# 2003 kodiak snorkeling question



## jaxamillion04 (Feb 24, 2009)

Anyone know where i can find directions on how to snorkel a 2003 kodiak?


----------



## Polaris425 (Dec 16, 2004)

No clue. But if you bring it to T-Town I'll help ya out.. haha...


----------



## Polaris425 (Dec 16, 2004)

http://kod.gotdns.com/index.cgi?album=Kodiak_Album

I couldnt get that link to work but when i searched it says 04 Kodiak snorkels..... should help you out if the link works


----------



## jaxamillion04 (Feb 24, 2009)

The cvt exhaust is in the back under plastic near muffler. Have you ever seen a snorkel through back plastics?


----------



## Polaris425 (Dec 16, 2004)

actually, yeah. It looked stupid though.. & didnt look real functional either.


----------



## Yesterday (Jan 2, 2009)

jaxamillion04 said:


> The cvt exhaust is in the back under plastic near muffler. Have you ever seen a snorkel through back plastics?

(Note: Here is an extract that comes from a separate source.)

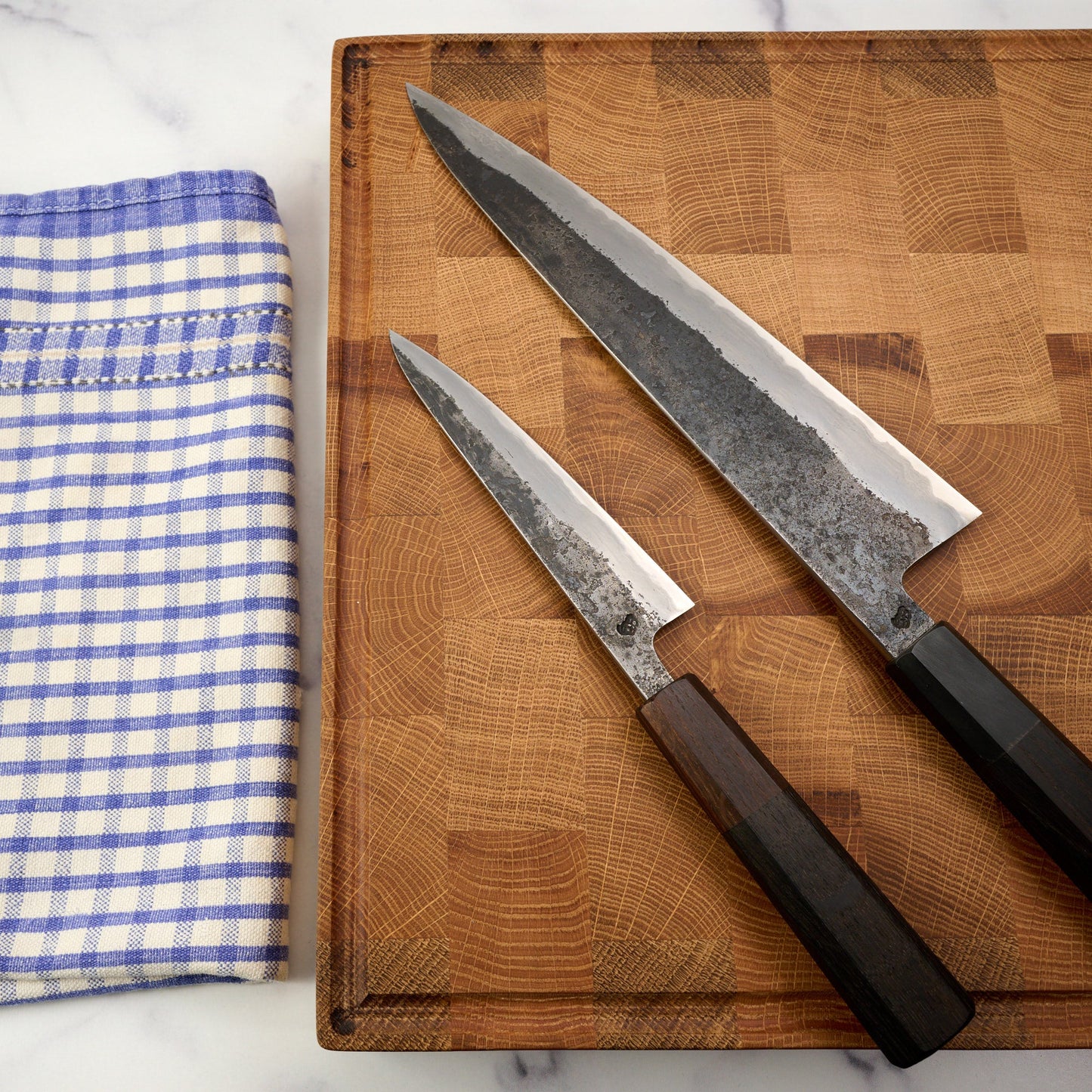 Gyuto 245mm & Petty 130mm Wrought Iron Clad Shirogami #1 – view 6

 is that where it exits the cvt, or is that where the stock plumbing is?


----------



## jaxamillion04 (Feb 24, 2009)

The exit and the stock tube are both in the back.


----------



## Polaris425 (Dec 16, 2004)

Some flex hose is about all that will help there, and some fancy phishing... lol


----------



## mississippimud3 (Mar 25, 2009)

Snorkels on the kodiaks are difficult, trust me I have done it. Good luck. I found my writeup on Highlifter by a guy named STUMP KNOCKIN 450.


----------